Committing to preserve the JPEGs as they appear on Twitter may also forestall any concerns the artists may have about ownership of @mothgenerator and its outputs. If restrictions are established on access to and reuse of the drawing program, the artists would maintain the exclusive ability to produce and sell high-quality prints of moths in future. (This is only an example.) Lower-quality images would not then be seen as detracting from future work and its profitability.

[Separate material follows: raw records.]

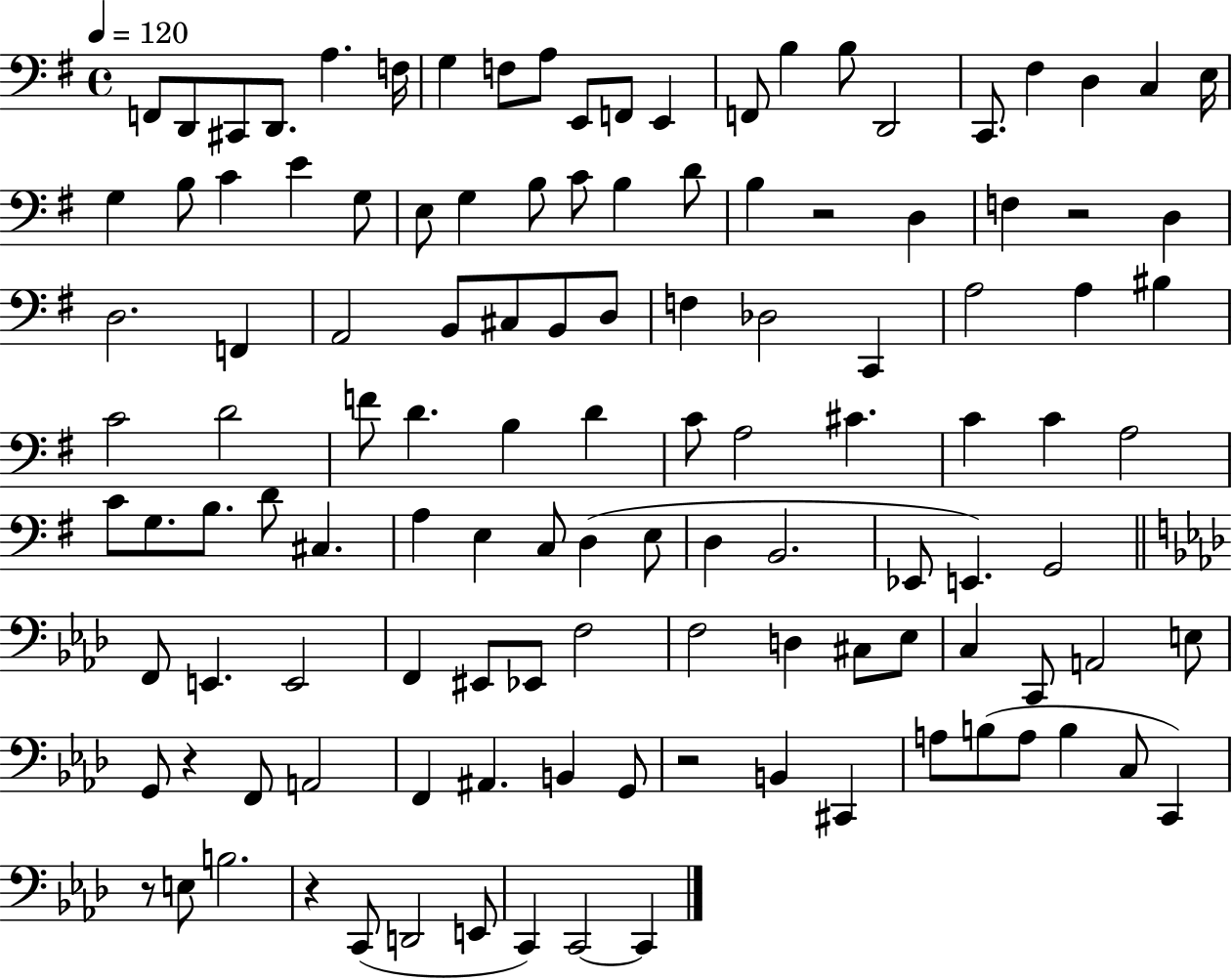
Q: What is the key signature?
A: G major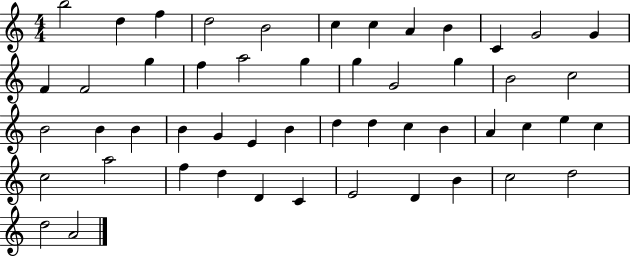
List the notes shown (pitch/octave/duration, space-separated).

B5/h D5/q F5/q D5/h B4/h C5/q C5/q A4/q B4/q C4/q G4/h G4/q F4/q F4/h G5/q F5/q A5/h G5/q G5/q G4/h G5/q B4/h C5/h B4/h B4/q B4/q B4/q G4/q E4/q B4/q D5/q D5/q C5/q B4/q A4/q C5/q E5/q C5/q C5/h A5/h F5/q D5/q D4/q C4/q E4/h D4/q B4/q C5/h D5/h D5/h A4/h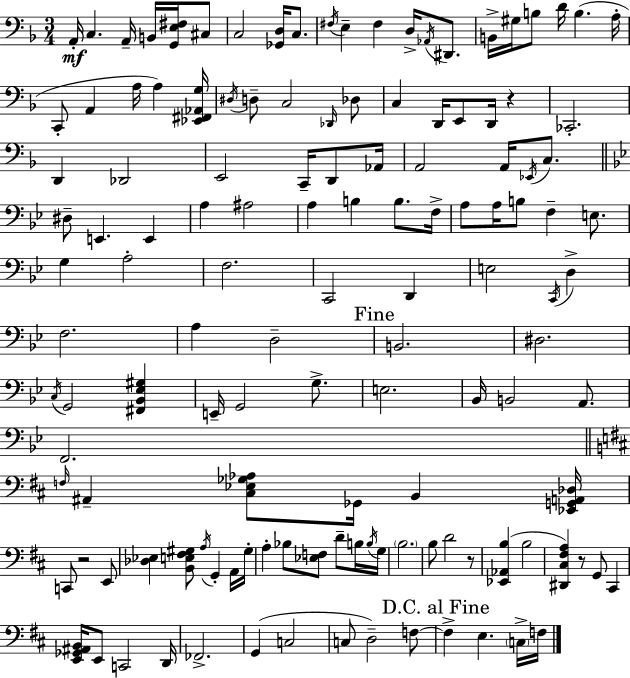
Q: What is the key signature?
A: D minor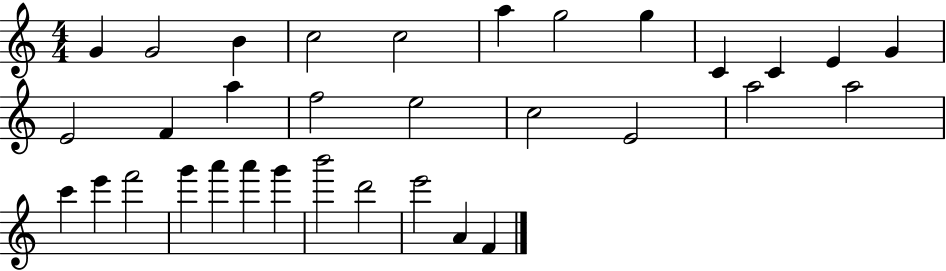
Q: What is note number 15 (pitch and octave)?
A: A5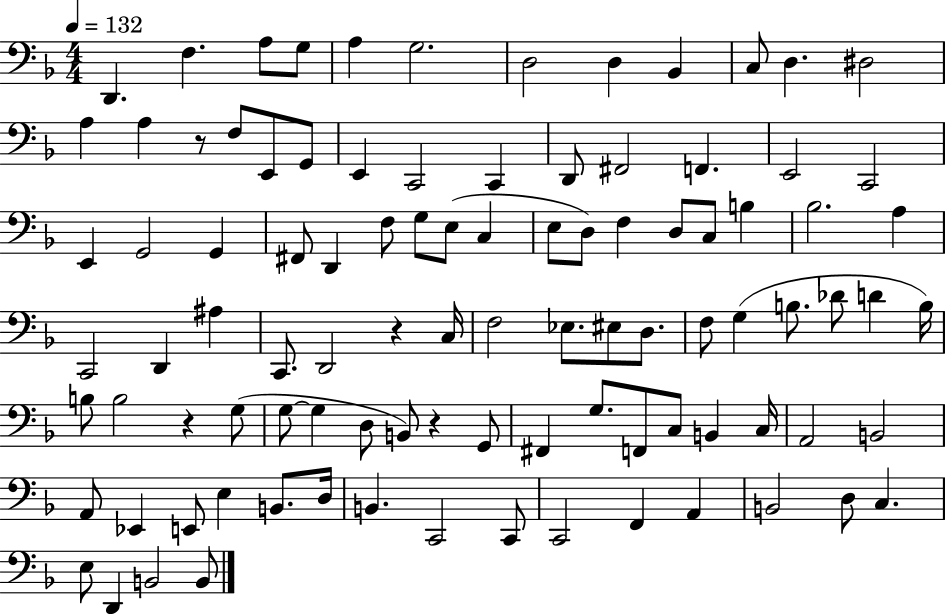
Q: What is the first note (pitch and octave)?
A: D2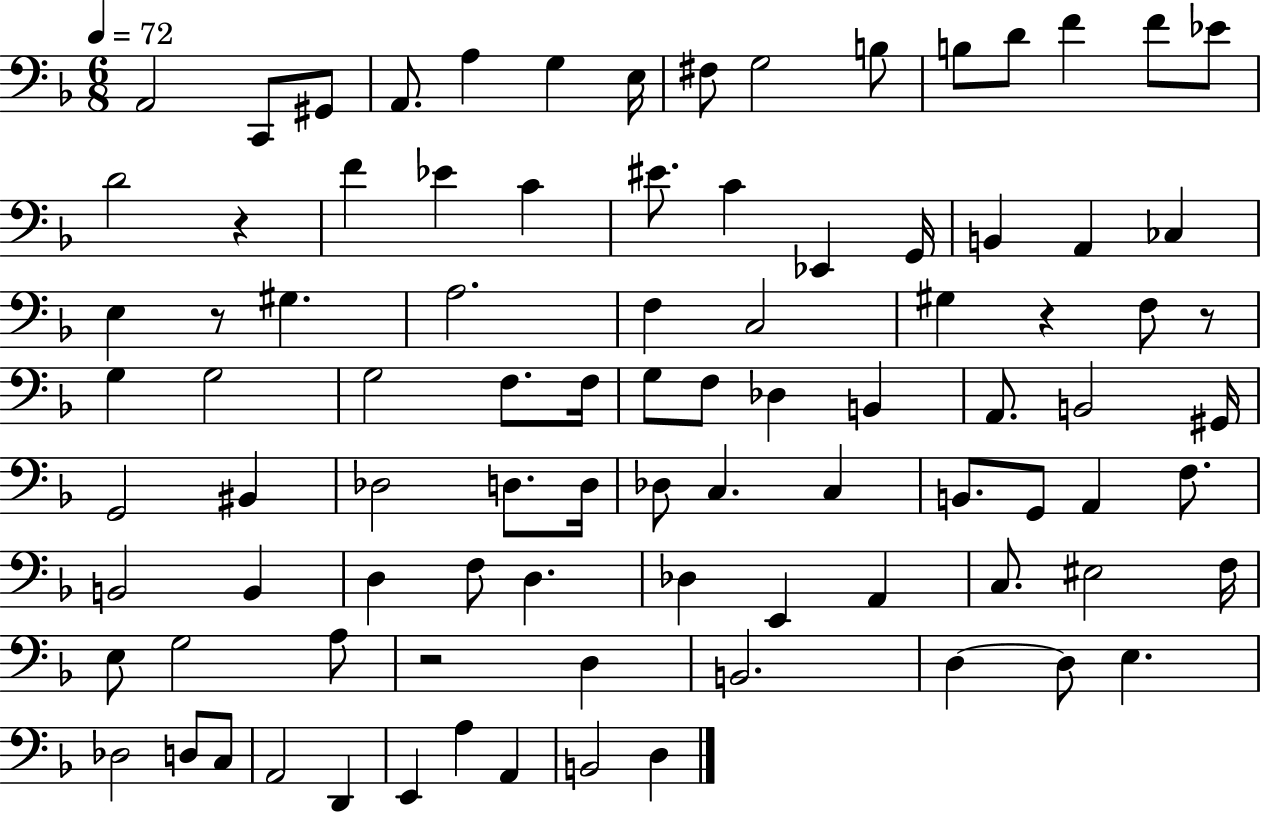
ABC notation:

X:1
T:Untitled
M:6/8
L:1/4
K:F
A,,2 C,,/2 ^G,,/2 A,,/2 A, G, E,/4 ^F,/2 G,2 B,/2 B,/2 D/2 F F/2 _E/2 D2 z F _E C ^E/2 C _E,, G,,/4 B,, A,, _C, E, z/2 ^G, A,2 F, C,2 ^G, z F,/2 z/2 G, G,2 G,2 F,/2 F,/4 G,/2 F,/2 _D, B,, A,,/2 B,,2 ^G,,/4 G,,2 ^B,, _D,2 D,/2 D,/4 _D,/2 C, C, B,,/2 G,,/2 A,, F,/2 B,,2 B,, D, F,/2 D, _D, E,, A,, C,/2 ^E,2 F,/4 E,/2 G,2 A,/2 z2 D, B,,2 D, D,/2 E, _D,2 D,/2 C,/2 A,,2 D,, E,, A, A,, B,,2 D,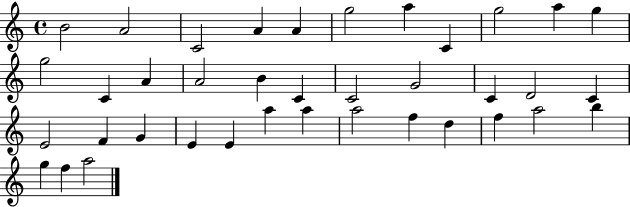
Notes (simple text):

B4/h A4/h C4/h A4/q A4/q G5/h A5/q C4/q G5/h A5/q G5/q G5/h C4/q A4/q A4/h B4/q C4/q C4/h G4/h C4/q D4/h C4/q E4/h F4/q G4/q E4/q E4/q A5/q A5/q A5/h F5/q D5/q F5/q A5/h B5/q G5/q F5/q A5/h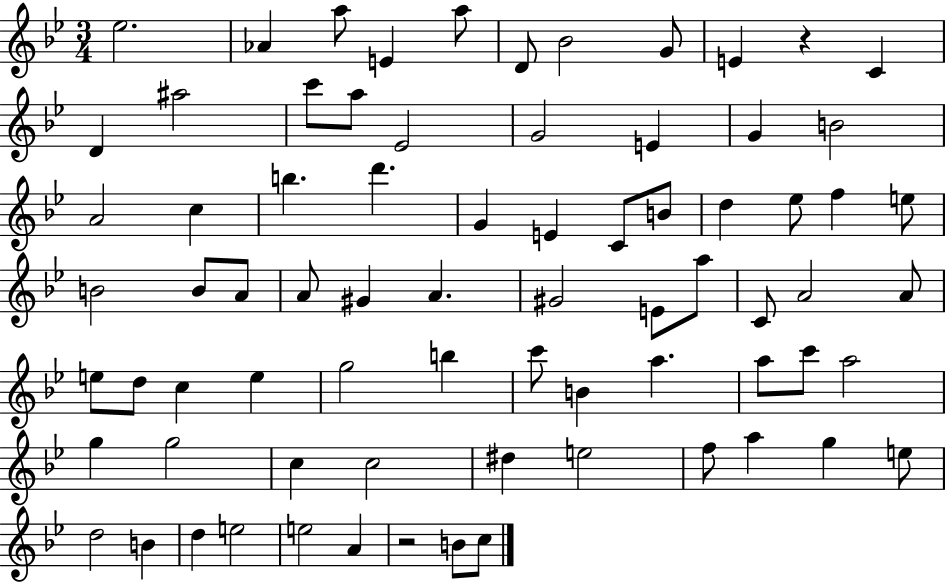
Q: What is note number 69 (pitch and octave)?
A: E5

Revealing creative context

Finally, this collection intends to contextualize Moth Generator through the acquisition of material documenting the creative process behind it. Interviews with and essays by the artists — many of which were used to research the statement of significance — will be captured via WebRecorder along with any reader comments. A list of 10,000 Latin moth names and 4,000 English names were collected via web crawler and currently seed the random generation of moth names. The lists and the web crawler (if built from scratch or customized in any way) may also contribute to this collection. Artist Katie Rose Pipkin has referred to a personal trove of programming error screenshots she has collected throughout the bot-building process. These screenshots offer a glimpse behind the curtain at the intellectual and emotional labor that led to Moth Generator.